▼
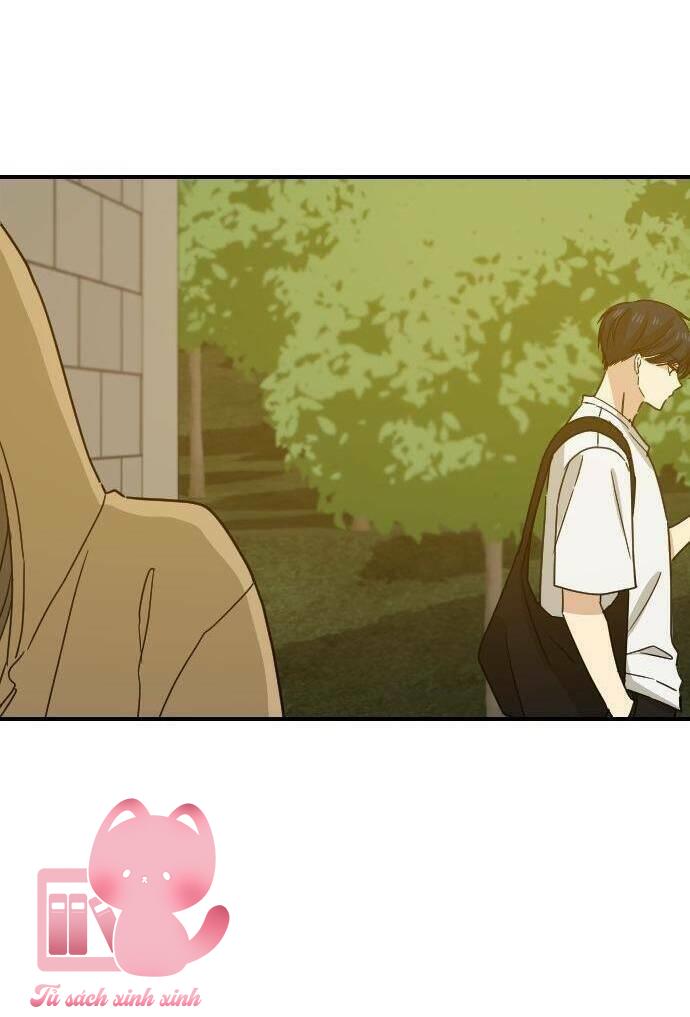 Bạn Của Em Trai - Chap 67 - Trang 46
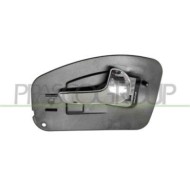 GUIDA_ALLA_SCELTA.JPG Maniglia Interna Posteriore Destra Per Opel/vauxhall Corsa C Dal 2000 Al 2003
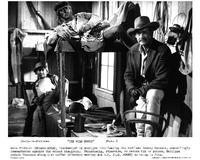 The Wild Bunch - 8 x 10 B&W Photo #7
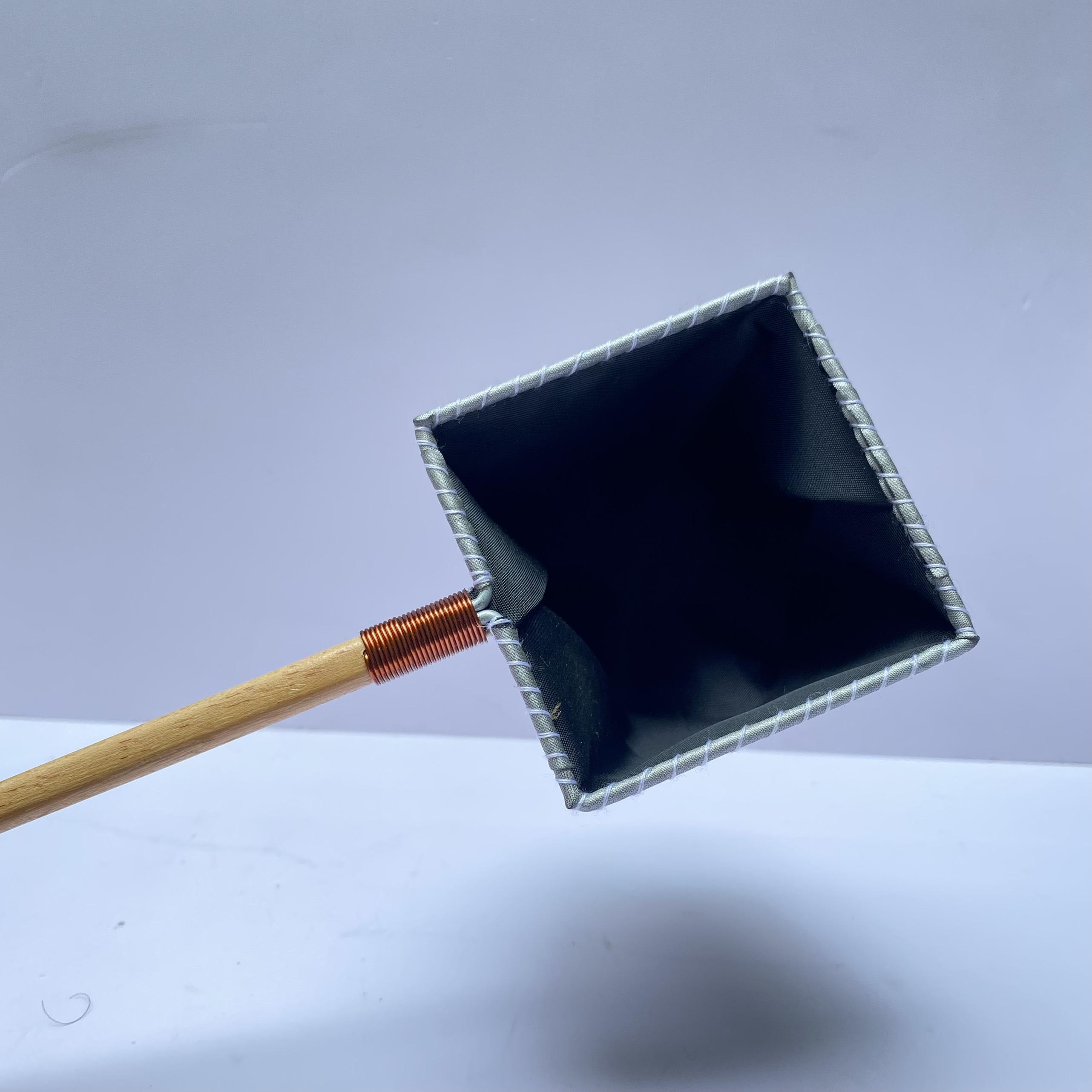 Vợt Vớt Cá Chống Sốc Nước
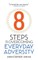 8 Steps to Overcoming Everyday Adversity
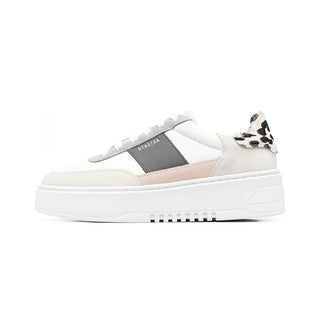Orbit Vintage Sneaker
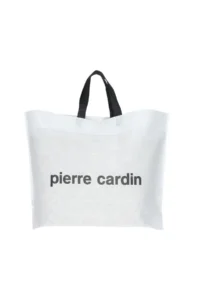 Pierre Cardin Coconat Floater Drawstring Women's Shoulder Bag - Image 7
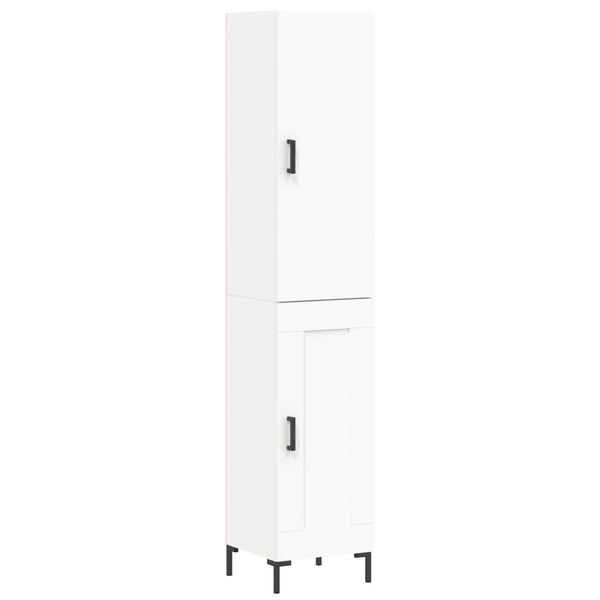 Viser 1 av 14 produktbilde(r)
▲
▶ [WHAT IS EXPECTED]:
Leaving the pictures aside, transcribe the entire listing exactly.

▶ [TASK RESULT]:
 Bạn Của Em Trai - Chap 67 - Trang 46
 GUIDA_ALLA_SCELTA.JPG Maniglia Interna Posteriore Destra Per Opel/vauxhall Corsa C Dal 2000 Al 2003
 The Wild Bunch - 8 x 10 B&W Photo #7
 Vợt Vớt Cá Chống Sốc Nước
 8 Steps to Overcoming Everyday Adversity
Orbit Vintage Sneaker
 Pierre Cardin Coconat Floater Drawstring Women's Shoulder Bag - Image 7
 Viser 1 av 14 produktbilde(r)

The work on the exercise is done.